I was 12 when I my father lost his father. I say it that way because I never really got to know him as a grandfather. Our first time “meeting” was at his funeral. I remember examining him as he lay in the casket on a hot summer day in Manning, South Carolina,1995. I imagine I was looking to see what of me I could see in him. He was slender, didn’t appear to have been very tall. Grayish hair. His face reminded me of my father’s, but not so much of mine at the time. I remember thinking, “Wow, that’s really him”, “my granddad”. James Silas Smith or “Birdie” as he was more affectionately known. I was sad; not because I felt it, but more so because I knew I was supposed to feel it.

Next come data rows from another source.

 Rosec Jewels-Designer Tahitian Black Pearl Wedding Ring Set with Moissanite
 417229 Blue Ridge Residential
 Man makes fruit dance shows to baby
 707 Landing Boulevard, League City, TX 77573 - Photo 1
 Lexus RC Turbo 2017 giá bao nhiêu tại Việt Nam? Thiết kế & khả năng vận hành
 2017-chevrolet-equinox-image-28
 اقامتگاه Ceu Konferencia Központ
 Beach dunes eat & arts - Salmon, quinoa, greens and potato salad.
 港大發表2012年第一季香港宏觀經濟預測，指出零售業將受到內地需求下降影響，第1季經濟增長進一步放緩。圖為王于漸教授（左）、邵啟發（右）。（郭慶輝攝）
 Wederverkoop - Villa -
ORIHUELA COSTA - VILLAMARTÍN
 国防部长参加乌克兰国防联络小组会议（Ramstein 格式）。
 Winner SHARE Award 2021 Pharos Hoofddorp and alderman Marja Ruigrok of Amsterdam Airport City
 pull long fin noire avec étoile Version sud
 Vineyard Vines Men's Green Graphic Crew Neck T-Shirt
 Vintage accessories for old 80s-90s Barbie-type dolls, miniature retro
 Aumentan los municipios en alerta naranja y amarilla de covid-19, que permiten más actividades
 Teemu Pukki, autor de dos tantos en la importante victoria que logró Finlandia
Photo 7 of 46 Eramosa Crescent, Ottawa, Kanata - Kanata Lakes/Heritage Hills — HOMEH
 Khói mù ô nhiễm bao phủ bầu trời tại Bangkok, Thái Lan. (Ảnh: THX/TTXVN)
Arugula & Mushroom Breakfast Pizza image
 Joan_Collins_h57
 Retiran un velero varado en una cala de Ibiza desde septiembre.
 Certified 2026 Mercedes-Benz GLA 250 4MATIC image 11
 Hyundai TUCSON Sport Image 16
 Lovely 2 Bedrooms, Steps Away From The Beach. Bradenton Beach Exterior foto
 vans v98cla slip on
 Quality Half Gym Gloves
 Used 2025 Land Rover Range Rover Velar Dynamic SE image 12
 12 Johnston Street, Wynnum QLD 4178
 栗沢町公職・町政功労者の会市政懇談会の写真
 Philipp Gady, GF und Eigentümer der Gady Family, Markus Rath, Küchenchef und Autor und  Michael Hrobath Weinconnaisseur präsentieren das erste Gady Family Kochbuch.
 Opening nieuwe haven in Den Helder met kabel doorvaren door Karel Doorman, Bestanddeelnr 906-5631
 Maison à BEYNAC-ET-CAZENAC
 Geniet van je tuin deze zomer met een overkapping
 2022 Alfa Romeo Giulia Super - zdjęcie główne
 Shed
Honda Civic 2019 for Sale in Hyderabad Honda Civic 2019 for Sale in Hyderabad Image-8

All I knew of my grandfather was from the stories my dad told me. They had had a rocky relationship as my dad grew up. When he was younger, my dad once told me, he and Birdie had gotten into a fight, a fist fight at that, Birdie kicked him out of the house, told him to never come back. Things cooled of course and he moved back in. Birdie and my grandmother divorced when my dad was in his teens and my dad stayed with his mother and his sister. But he’d often visit Birdie, who was known to be a bit of a ladies man and his “wife of the moment”. My father grew especially fond of one of Birdies wives, “Nell” whom we would visit on the rare occasions we made it down to South Carolina. I called her grandma too because my dad still called her Mama. But not only was Birdie a ladies man, according to my dad, apparently he was bionic as well. You see, he had been in several car accident, one in which the car flipped over several (hundred according to my dad) times and he walked away without a scratch! Man, Birdie was something else.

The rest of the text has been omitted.